Preacher Roe had a pitch called the “Beech-Nut Curve”, which was named after the Beech-Nut gum he chewed to give him more drop in his curveball. Roe used to explain that Beech-Nut was by far the best brand of gum for use in the delivery of a spitball. Opponents didn’t know exactly how Roe doctored the baseball, which he used to his advantage. He would psyche batters out by touching the brim of his hat, even though he wasn’t adding a substance.
Yankees pitcher Whitey Ford admitted that he used his wedding band to scuff the ball. He also had catcher Elston Howard cut the baseball with a buckle on his shin guard. If that wasn’t bad enough, Ford concocted a special substance that was made up of resin, baby oil and turpentine to add all sorts of spin on the ball. Mud was also a common prop, which he confessed to using in the 1963 World Series.

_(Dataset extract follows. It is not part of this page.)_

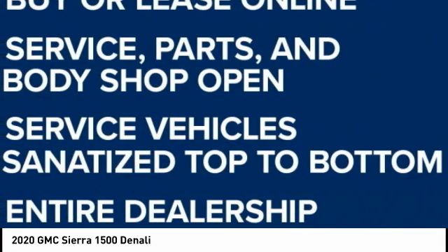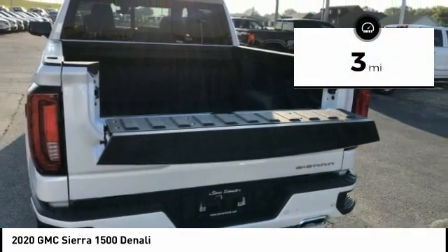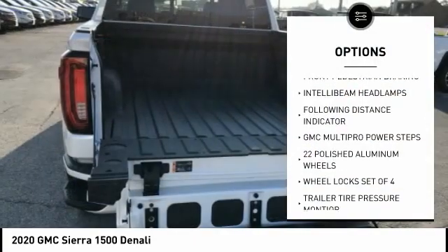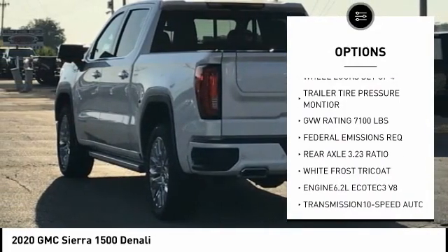Power and advanced technology can both be found in this fantastic truck. This vehicle has less than 100 miles. Here are some of this vehicle's great options: power sunroof. This beauty is sure to make you the talk of the neighborhood, so call or drop in for a test drive today.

In 1988, Los Angeles Dodgers closer Jay Howell was suspended for two games in the postseason after it was revealed that he had pine tar inside his glove. Even though Howell wasn’t known as a consistent cheater, getting busted in the playoffs is reason enough for him to make this list.
Joe Niekro is one of the more famous pitchers when it comes to doctoring the baseball. In a game in 1987, umpires visited the mound and told Niekro to hand over his glove. After the inspection of the glove, they turned their attention to his pockets, which they forced him to empty. Niekro attempted to causally toss an emery board and piece of sandpaper off to the side, but the umpires saw him do it. He was suspended 10 games for the incident.
Gaylord Perry famously used Vaseline to doctor the baseball. In fact, catcher Gene Mauch once said he couldn’t throw the ball back to the mound because there was too much grease on it. Perry could constantly be seen fidgeting with his sleeve and cap in order to add either a foreign substance or psyche batters out. Perry also used wax, resin, dirt and K-Y jelly to give him an advantage.